Mean of PnL is 119.446463
Sharpe is 6.685744
Round turns 1504
First trading day 2013-04-09
Last trading day 2016-04-22 
Total return 179647

Over approximately 3 years of simulated trading, the combined models generate a total gain of roughly $180,000. The maximum exposure is 5 CFD contracts, closed at the end of each day to avoid overnight positions.

Analyzing the Aggregated Model Performance

Since we have 5 models running concurrently, the number of open trades on a given day can range from 1 to 5. We can group trades by the number of models agreeing on an Up Day and analyze precision accordingly.

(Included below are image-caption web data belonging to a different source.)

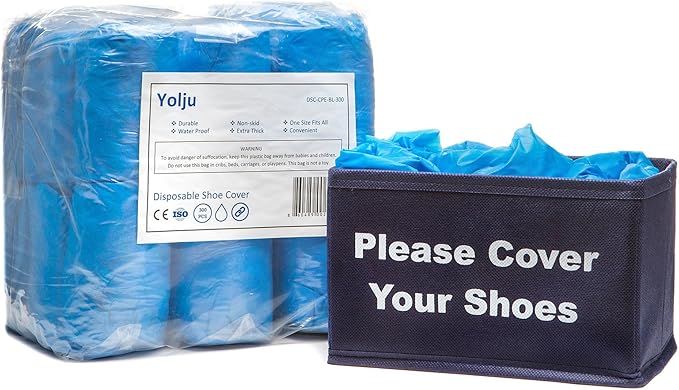 Yolju 300 Pack Disposable Shoe Covers with a Bonus Small Storage Box | Waterproof, Durable CPE Material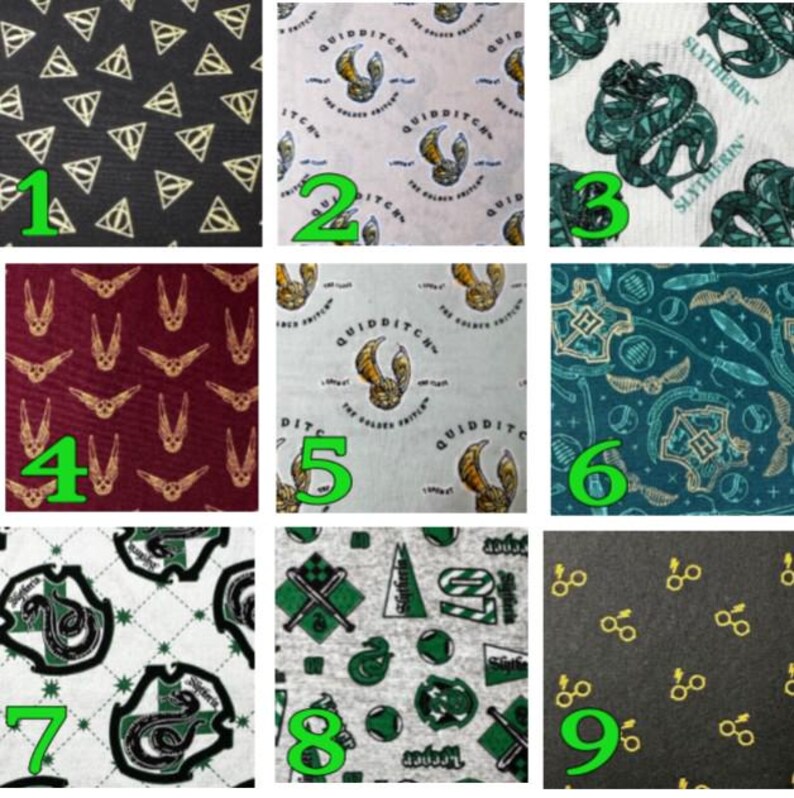 May include: Nine fabric swatches with different patterns. The patterns include golden snitches, the Deathly Hallows symbol, and the Hogwarts crest. The color schemes vary, including black, burgundy, and teal.
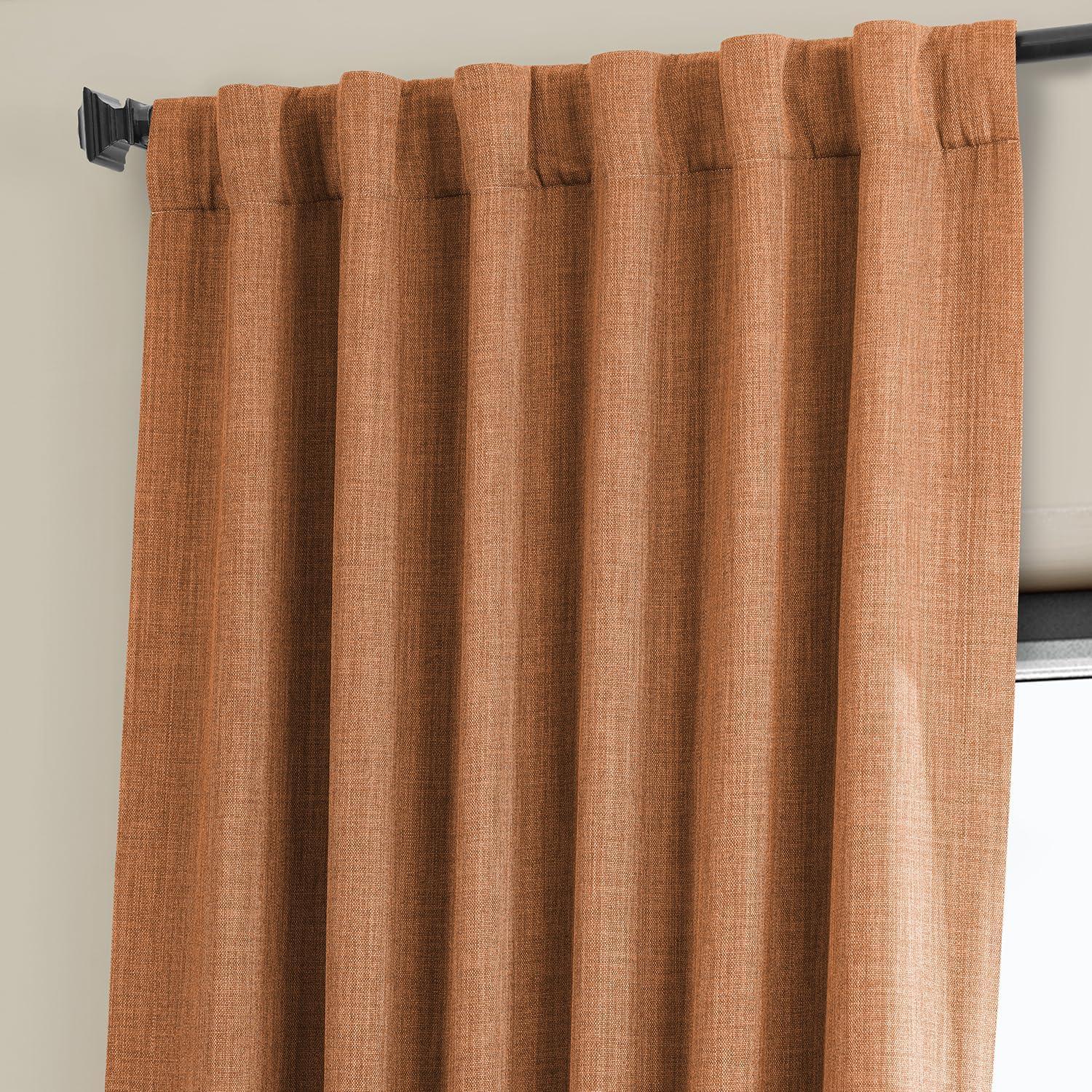 Desert Orange Faux Linen Room Darkening Curtain Panel 50" x 108"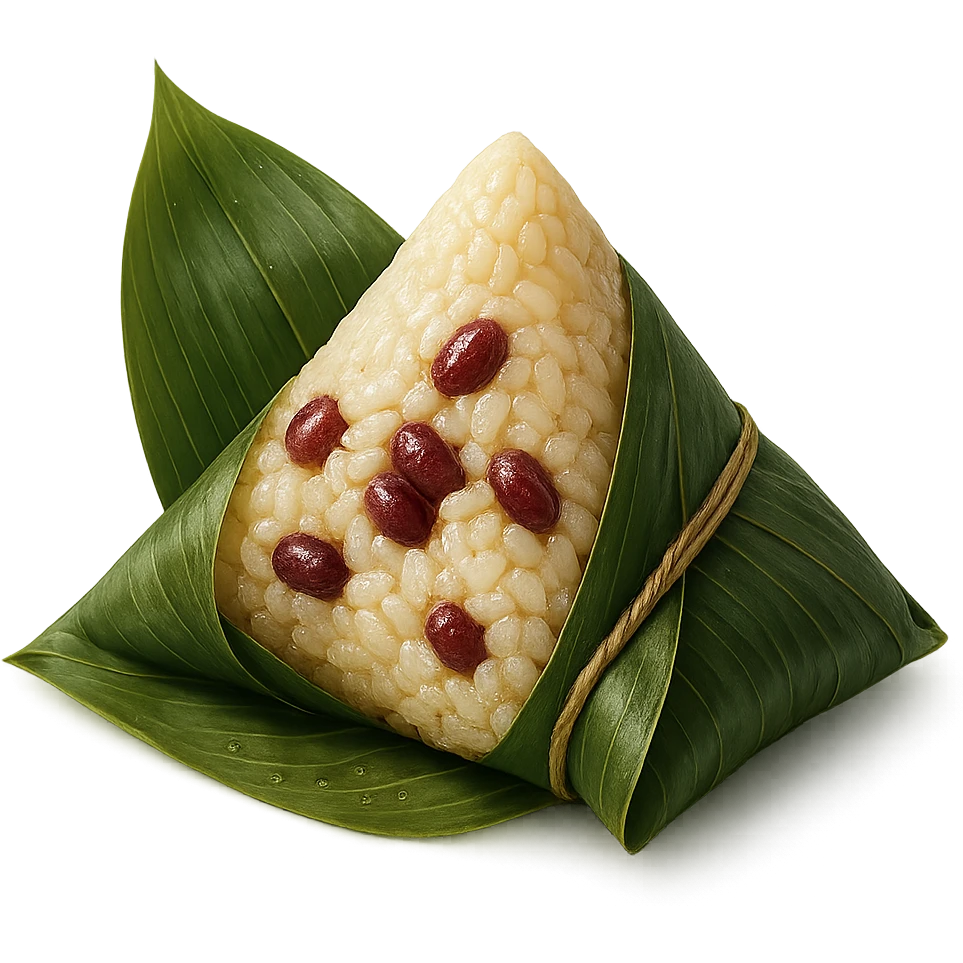 zongzi with visible sticky rice and red bean filling, wrapped in green bamboo leaves, for Dragon Boat Festival emoji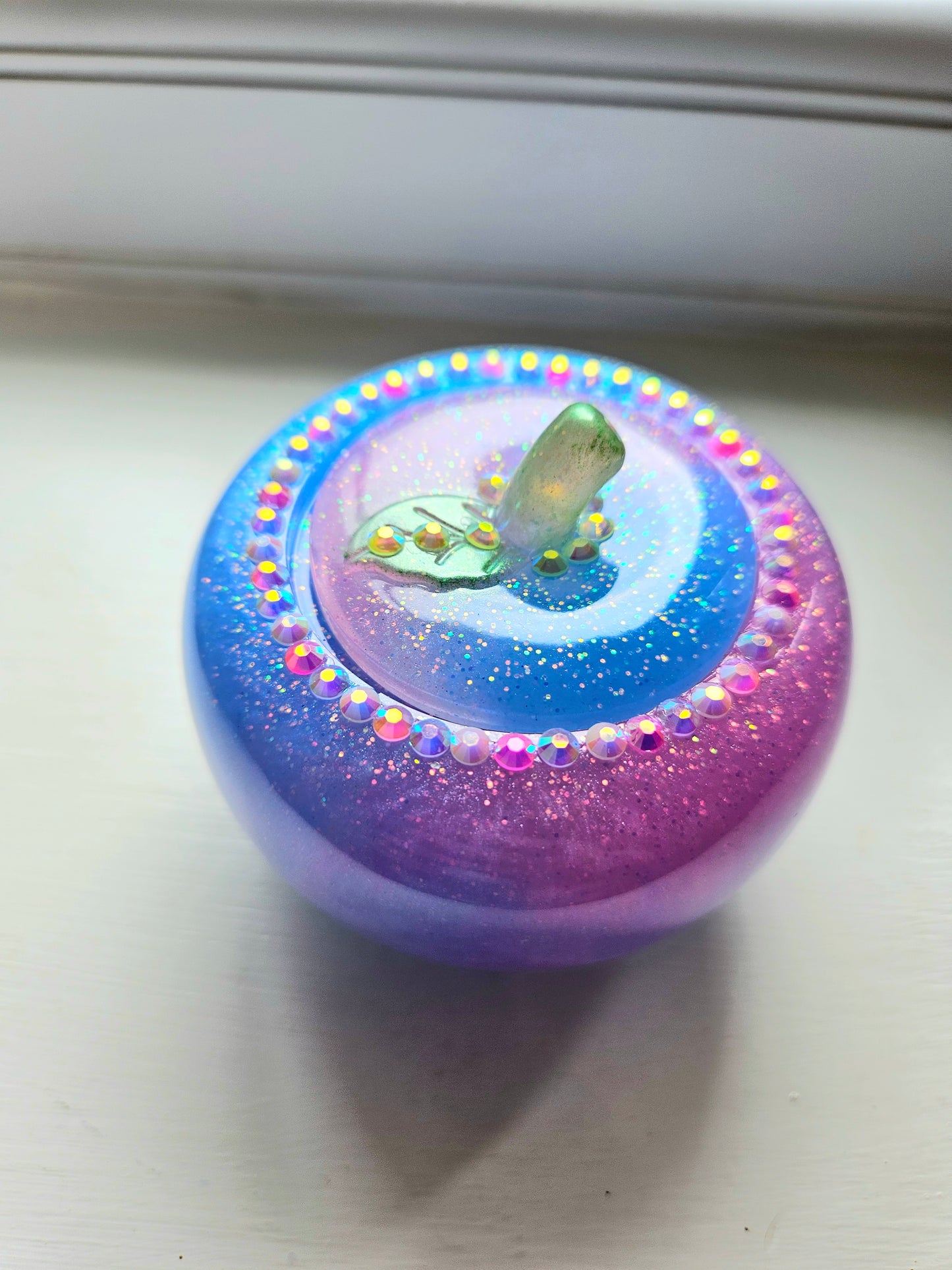 Sparkly Pink/Blue Apple Trinket pot/Rhinestone jewellery dish or keepsake storage holder/handcrafted resin home decor/functional artpiece/Cute Birthday gift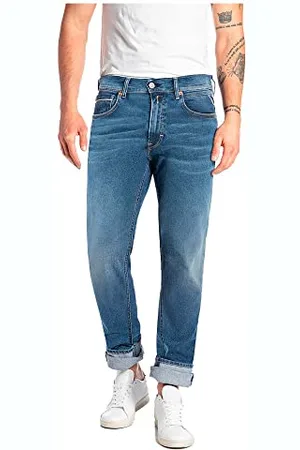 Replay Grover Straight-Fit Hyperflex Jeans da Uomo con Elasticità, Blu , 28W / 32L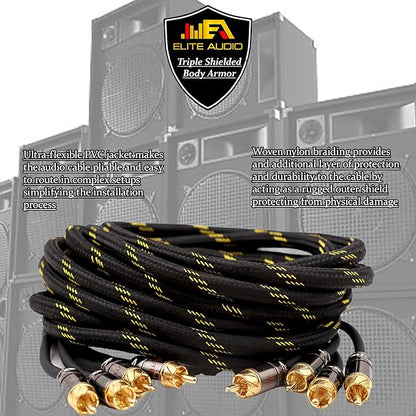 Elite Audio Pro Series 1.5 ft. 100% OFC Copper RCA Cable Y-Adapter - Single Male to Dual Female RCA - Enhanced Sound, Reduced Interference & Versatile Compatibility (Model: EA-PROY2F)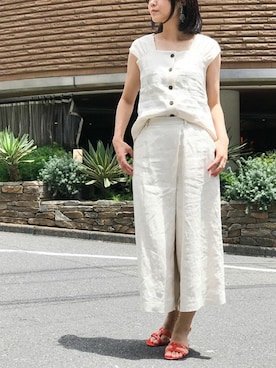 「リネンセットアップ」｜nano・universe lady's webeditorさん（レディース・167cm）の夏コーディネート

The chart above demonstrates that precision increases with the number of agreeing models. For example, when all 5 models predict an Up Day, the precision surpasses 85%.

Conclusion

Machine Learning offers powerful tools for learning from data and generating valuable predictions, even in the complex world of finance. While individual model performance varies, combining multiple models can lead to superior results. GraphLab Create provides an efficient and scalable platform for handling Big Data and implementing various scientific and forecasting models. Its free licensing options for students and Kaggle participants make it an accessible choice for exploration and learning.

Important Note: This article is intended for informational purposes only and should not be considered financial advice. Examples provided are for educational purposes only. Past performance is not indicative of future results. Always consult with a qualified financial advisor before making any investment decisions.